16. Judgment was subsequently delivered and the Appellant was convicted and sentenced to pay a fine of Kshs. 100,000/ or serve two years in prison.

17. Dissatisfied with the Judgment of the trial court, the Appellant has lodged this appeal premised on the grounds that his conviction was not supported by the weight of evidence; that the trial court failed to recognize gaps in the Respondent’s case and that the trial court erred in presiding over a matter that was purely Civil.

18. The appeal has been canvassed by way of written submissions filed by both sides which submissions the court has read and benefited greatly.

19. In his submissions the Appellant faults the decision of the trial court on the allegations that it failed to give any findings on the ingredients of the charge of the offence of obtaining money by false pretense as set out in the case of Ndarave v R. In the decision the court outlined the ingredients to be; a) the thing obtained must be capable of being stolen and; b) false pretense with intent to defraud.

20. On the element that the thing obtained must be capable of being stolen, it is submitted that all witnesses confirmed that a search was conducted prior to the sale and that they further confirmed that the suit property belonged to the Appellant and since the land belonged and still belongs to the Appellant, it was not capable of being stolen.

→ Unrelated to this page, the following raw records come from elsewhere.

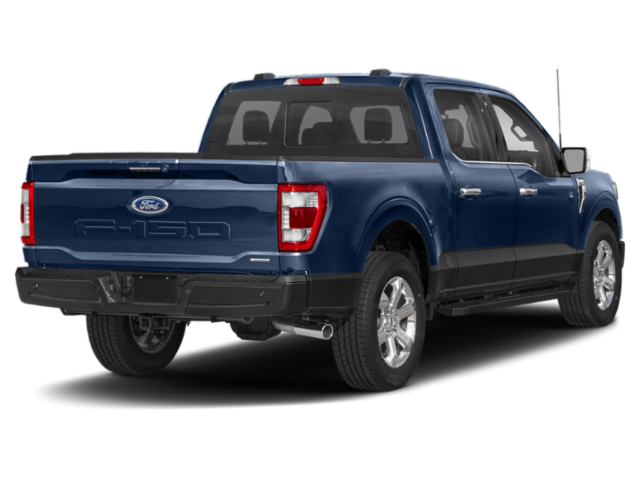 Used 2023 Blue Ford Lariat image 2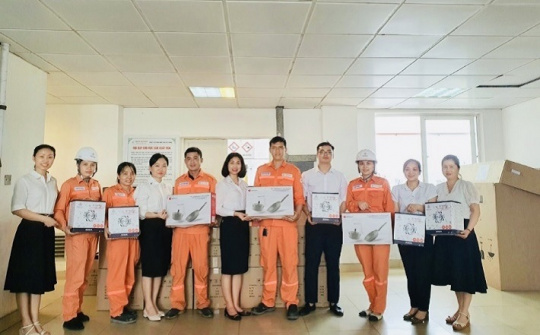 Nhiệt điện Hải Phòng tổ chức nhiều hoạt động thiết thực, ý nghĩa hướng về người lao động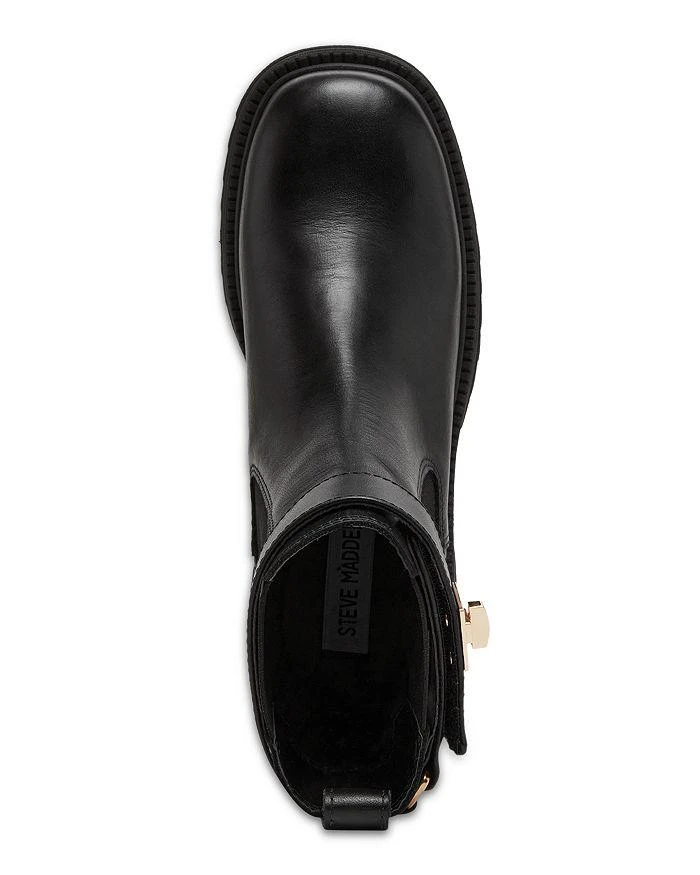 商品Steve Madden|Women's Gates Platform Block Heel Chelsea Boots,价格¥569,第3张图片详细描述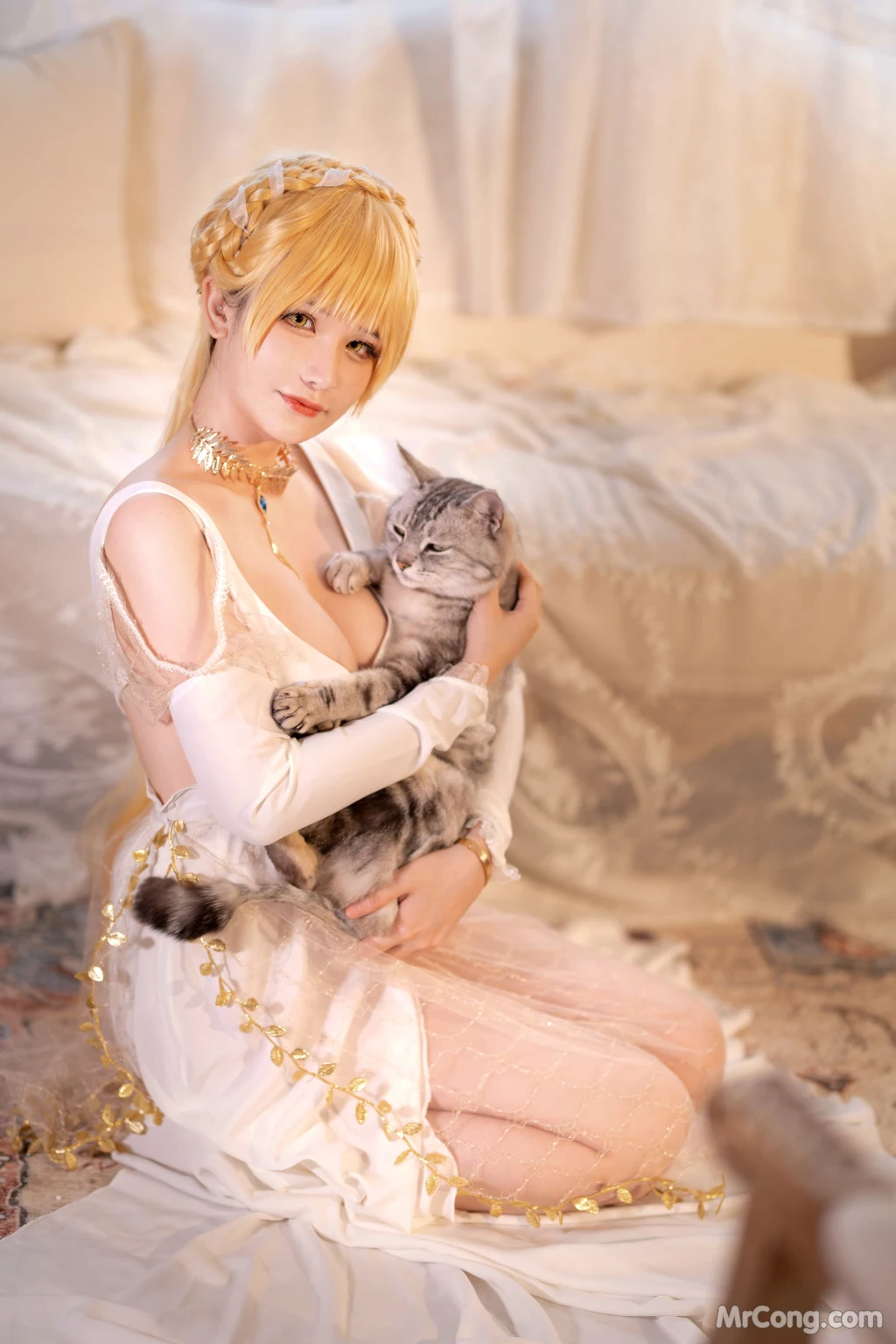 Coser@前羽_rr: 天意佳人 (30 photos) – Page 2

21. On the element of false pretense with intent to defraud it is argued that the Appellant offered to sell the complainant the suit property to which they did a search and the complainant even visited the land and they negotiated the terms which were reduced into an agreement making the matter purely civil. They argue that a criminal process is not a means to settle a civil claim and cite the case of Bungoma HCA 200/2012 Joseph Wafukho Wanyonyi v R in that regard.

22. It is the submission of the Respondent that the prosecution proved the requisite elements of the offence of obtaining money by false pretense namely; that the Appellant obtained something capable of being stolen, that the same had been obtained by false pretense and that the same had been obtained with intent to defraud.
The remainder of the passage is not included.